Material provided:
-- Opening Marker --

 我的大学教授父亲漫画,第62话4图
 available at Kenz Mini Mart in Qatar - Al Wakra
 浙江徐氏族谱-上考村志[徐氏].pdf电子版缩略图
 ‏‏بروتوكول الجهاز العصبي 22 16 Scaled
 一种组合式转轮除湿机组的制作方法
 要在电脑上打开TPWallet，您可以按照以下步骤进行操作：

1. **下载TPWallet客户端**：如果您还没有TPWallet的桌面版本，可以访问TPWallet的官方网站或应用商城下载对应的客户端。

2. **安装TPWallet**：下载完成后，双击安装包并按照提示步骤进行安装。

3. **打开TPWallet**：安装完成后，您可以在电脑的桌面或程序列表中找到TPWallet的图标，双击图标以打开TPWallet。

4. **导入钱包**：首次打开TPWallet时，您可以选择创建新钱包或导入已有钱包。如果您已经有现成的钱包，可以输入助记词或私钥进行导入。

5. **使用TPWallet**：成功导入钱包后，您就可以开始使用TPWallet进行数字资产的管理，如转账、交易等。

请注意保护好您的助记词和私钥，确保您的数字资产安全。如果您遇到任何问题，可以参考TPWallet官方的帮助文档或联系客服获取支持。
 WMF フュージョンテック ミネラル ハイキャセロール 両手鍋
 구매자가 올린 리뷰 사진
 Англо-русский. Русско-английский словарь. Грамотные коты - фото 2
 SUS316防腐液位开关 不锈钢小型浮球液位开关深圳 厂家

-- Closing Marker --
-- Opening Marker --

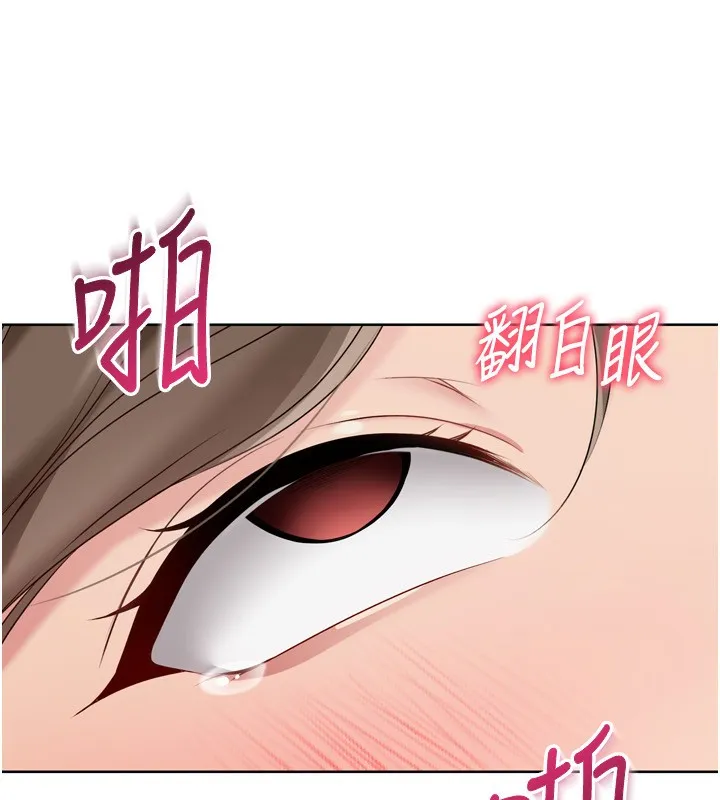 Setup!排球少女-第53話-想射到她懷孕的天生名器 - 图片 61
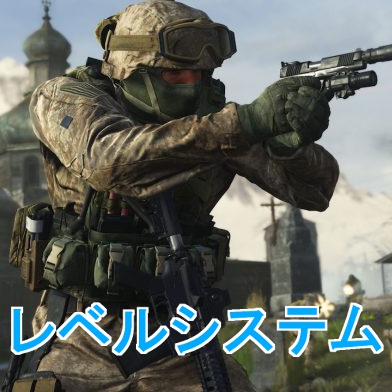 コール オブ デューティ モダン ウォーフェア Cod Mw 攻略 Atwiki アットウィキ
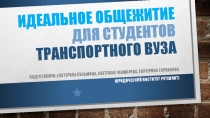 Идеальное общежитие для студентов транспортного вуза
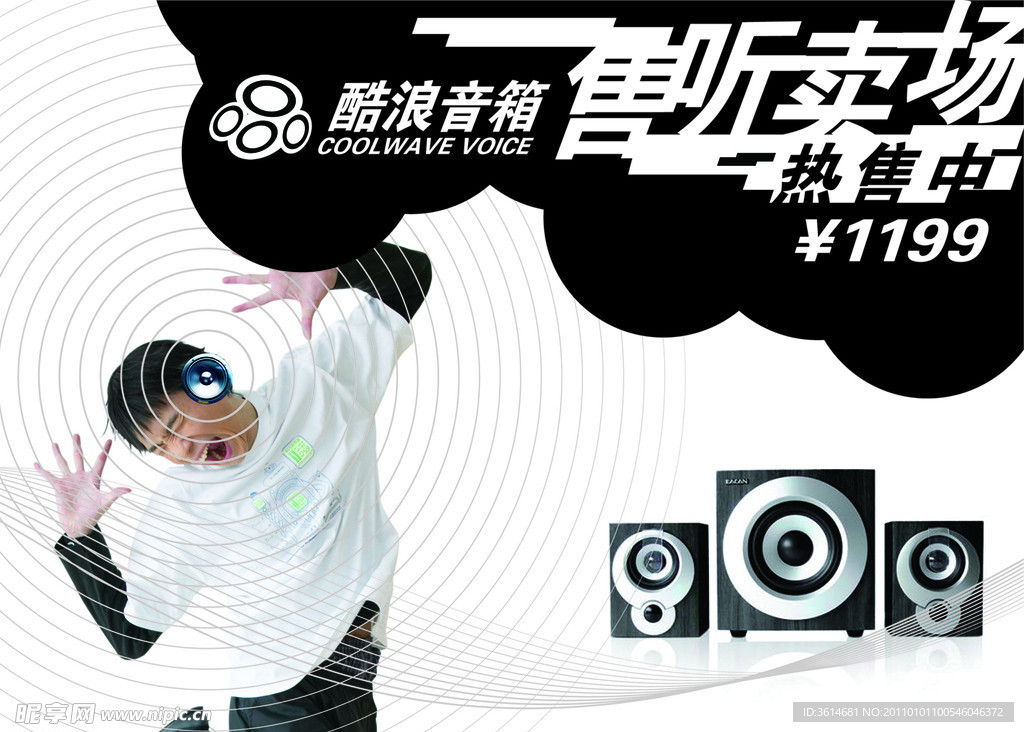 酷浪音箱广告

-- Closing Marker --

Problem description: Scan the records above for the lines holding "要在电脑上打开TPWallet，您可以按照以下步骤进行操作：" and "SUS316防腐液位开关 不锈钢小型浮球液位开关深圳 厂家". Transcribe those two and every line between them word for word, and no others.

Expected output:
 要在电脑上打开TPWallet，您可以按照以下步骤进行操作：

1. **下载TPWallet客户端**：如果您还没有TPWallet的桌面版本，可以访问TPWallet的官方网站或应用商城下载对应的客户端。

2. **安装TPWallet**：下载完成后，双击安装包并按照提示步骤进行安装。

3. **打开TPWallet**：安装完成后，您可以在电脑的桌面或程序列表中找到TPWallet的图标，双击图标以打开TPWallet。

4. **导入钱包**：首次打开TPWallet时，您可以选择创建新钱包或导入已有钱包。如果您已经有现成的钱包，可以输入助记词或私钥进行导入。

5. **使用TPWallet**：成功导入钱包后，您就可以开始使用TPWallet进行数字资产的管理，如转账、交易等。

请注意保护好您的助记词和私钥，确保您的数字资产安全。如果您遇到任何问题，可以参考TPWallet官方的帮助文档或联系客服获取支持。
 WMF フュージョンテック ミネラル ハイキャセロール 両手鍋
 구매자가 올린 리뷰 사진
 Англо-русский. Русско-английский словарь. Грамотные коты - фото 2
 SUS316防腐液位开关 不锈钢小型浮球液位开关深圳 厂家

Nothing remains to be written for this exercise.